Thursday, April 7, 2011

Wisconsin Supreme Court Election Update

In the contentious Wisconsin election for Supreme Court Justice, the challenger JoAnne Kloppenburg has declared victory although she reportedly has a margin of approximately 200 votes. {UPDATE: vote count reversed and fluctuating}.

The incumbent,  David Prosser, currently a member of the state supreme court, has not conceded. 

The election is widely viewed as an example of the politicization of judicial elections.  WISCONSIN COURT In Wisconsin, the political issues revolve around Governor Walker’s proposal the elimination collective bargaining for public employees; an issue that is in litigation that could reach the state supreme court.  The Wisconsin election could be compared to the recent Iowa election which was seen as a referendum on same-sex marriage; the nomination process after that election resulted in an all-white all-male state supreme court.

Additionally, however, Prosser’s personal judicial temperament was a campaign issue.  Prosser reportedly called one of his fellow justices, a woman, a sexist slur.  In an interview with FoxNews, Prosser admited regret engaging in the name-calling, but says it was not all his fault and there was "some provocation."   A brief report with video clip is here; a longer video also discussing other issues is here.
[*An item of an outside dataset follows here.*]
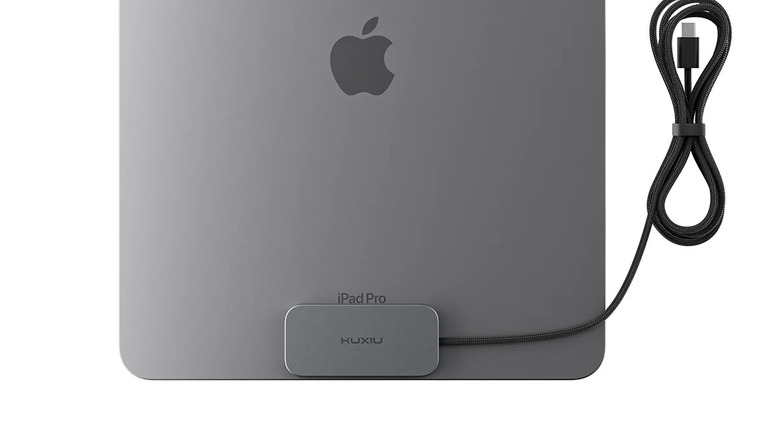 Kuxiu Magnetic Smart Connector Charger connected to an iPad Pro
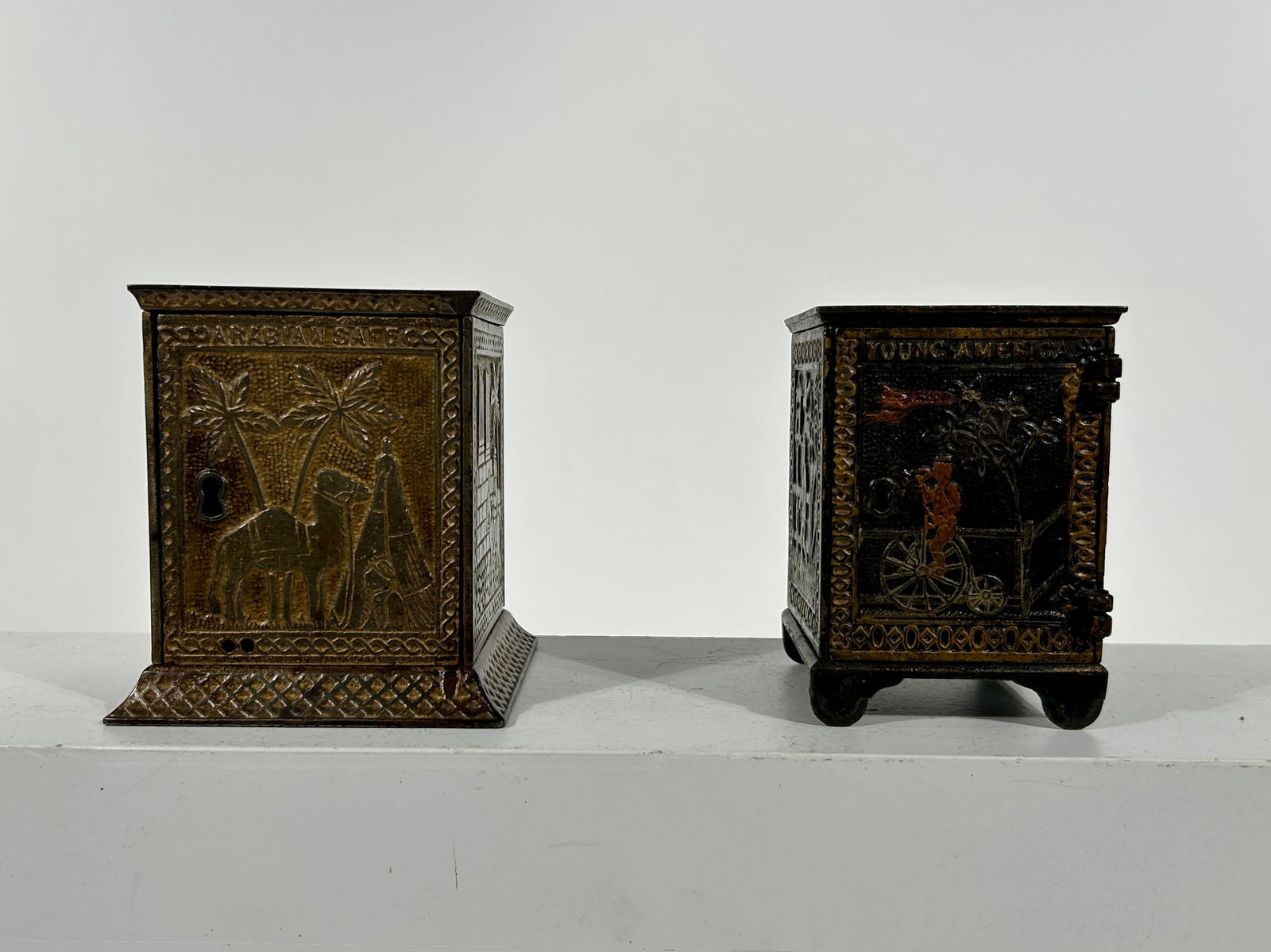 Young American / Arabian Cast Iron Safe Banks - KLT: Kyser and Rex Company - Philadelphia 1890 - Each about 4 1/2"Tall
The seemingly inevitable recount could result in litigation before the state supreme court.  However, the first step would be a trial.  And, according to the latest report from Milwaukee Journal Sentinel:

In one twist, state law calls for Chief Justice Shirley Abrahamson to appoint the state judge who would hear the case if the loser of a recount in a statewide election goes to court over the outcome. Abrahamson and Prosser have clashed on the court. Prosser's private remark calling Abrahamson a "total bitch" was the subject of a recent political ad attacking Prosser.